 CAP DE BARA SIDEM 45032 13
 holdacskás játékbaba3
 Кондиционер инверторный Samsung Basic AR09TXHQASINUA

_ _ _

Output all of the data above without any alteration.

 CAP DE BARA SIDEM 45032 13
 holdacskás játékbaba3
 Кондиционер инверторный Samsung Basic AR09TXHQASINUA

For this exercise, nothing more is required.